* **WHAT THE TASK REQUIRES**
Pictures should be left out while the data beneath this task is written out word for word.

● ● ● ● ●

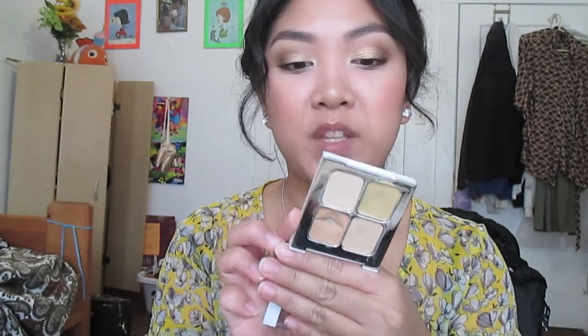To highlight under the brow, you'll see in the video that I use this concealer kit. This concealer kit is in the old packaging for Sonia Kashuk - now it's in black packaging. But this is really good for cleaning up under the brow and highlighting.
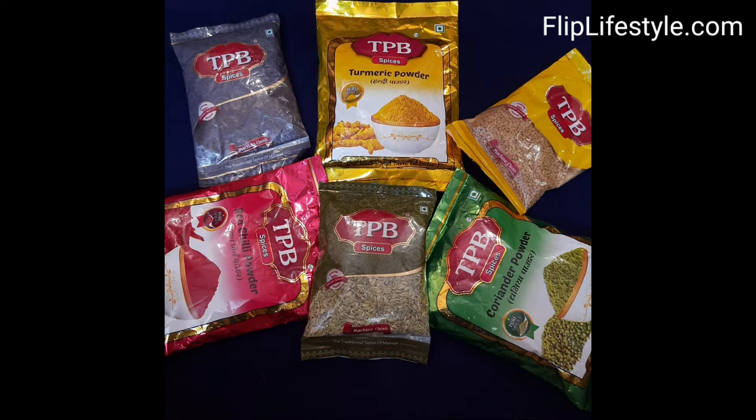Welcome to a new video from fliplifestyle.com. Today we have TPB Spices products and we'll be doing reviews of all of them. TPB Spices is a well-known brand established in 2010.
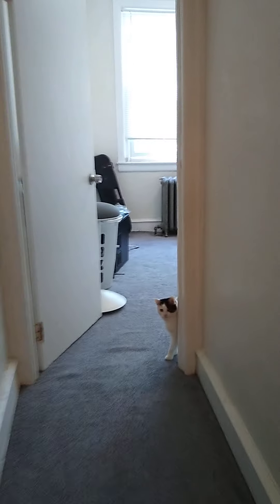This is the first floor of the basement, and upstairs is where the bedrooms and bathroom are. That's my cat — she does not come with the building.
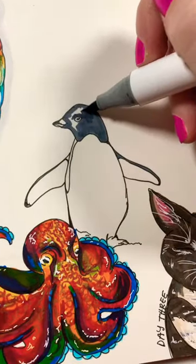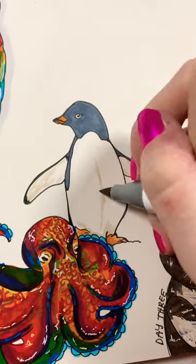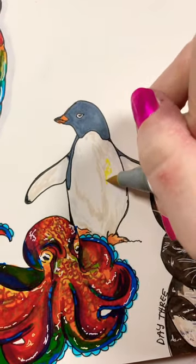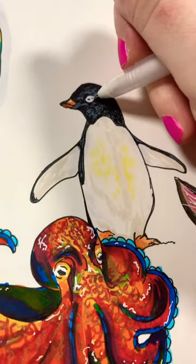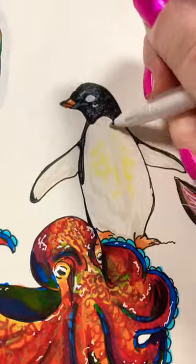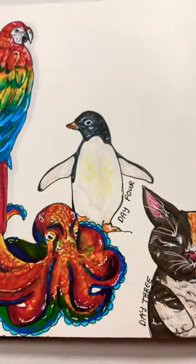I picked this cute little penguin — just a random penguin, no idea what type this is. I started out with my sketch and outline, and now I'm adding in colors. He had a lot of fluff on his belly and shading, so I added in some yellow and blended it out. Next I worked on the face, fixed his eye, and here we have it — a cute penguin for day four. What should I draw next? Like and subscribe for more.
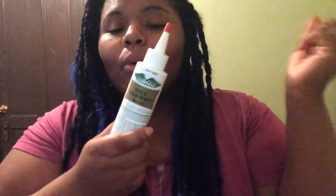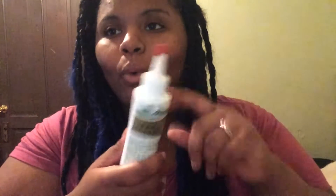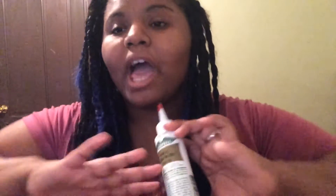Hey, what's up you guys, welcome back to my channel! Today I have a review plus a demonstration on this product called Wild Hair Growth Oil. I got this from my local beauty supply store, and I'm going to be talking about all of that in the demonstration plus the review, so hopefully you guys stick around to watch it.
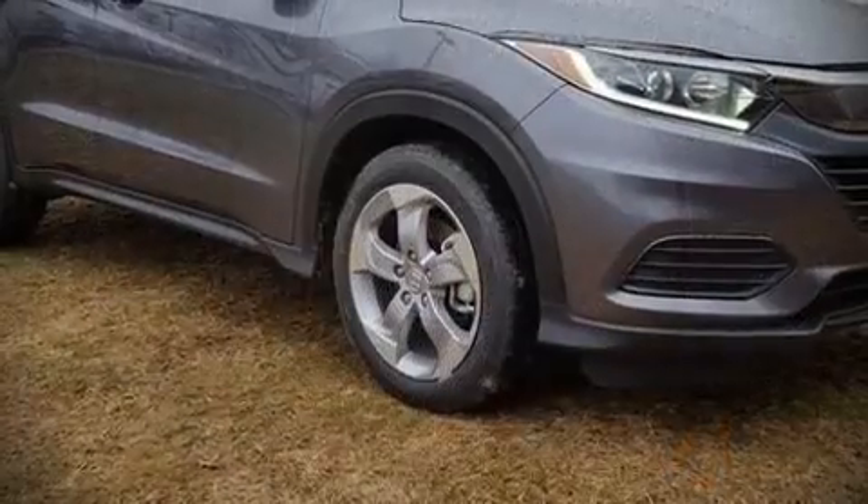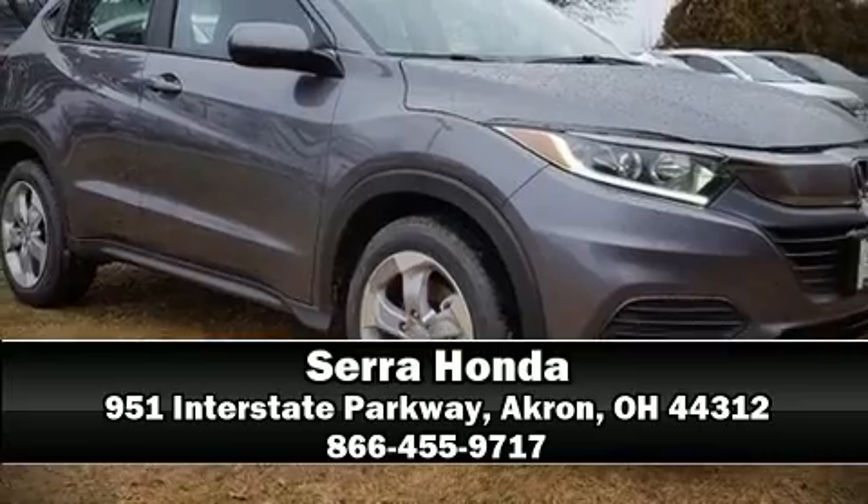Our sales reps are knowledgeable and professional. Stop in and take a test drive.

● ● ● ● ●

* **ANSWER TO THE EXERCISE**
To highlight under the brow, you'll see in the video that I use this concealer kit. This concealer kit is in the old packaging for Sonia Kashuk - now it's in black packaging. But this is really good for cleaning up under the brow and highlighting.
Welcome to a new video from fliplifestyle.com. Today we have TPB Spices products and we'll be doing reviews of all of them. TPB Spices is a well-known brand established in 2010.
This is the first floor of the basement, and upstairs is where the bedrooms and bathroom are. That's my cat — she does not come with the building.
I picked this cute little penguin — just a random penguin, no idea what type this is. I started out with my sketch and outline, and now I'm adding in colors. He had a lot of fluff on his belly and shading, so I added in some yellow and blended it out. Next I worked on the face, fixed his eye, and here we have it — a cute penguin for day four. What should I draw next? Like and subscribe for more.
Hey, what's up you guys, welcome back to my channel! Today I have a review plus a demonstration on this product called Wild Hair Growth Oil. I got this from my local beauty supply store, and I'm going to be talking about all of that in the demonstration plus the review, so hopefully you guys stick around to watch it.
Our sales reps are knowledgeable and professional. Stop in and take a test drive.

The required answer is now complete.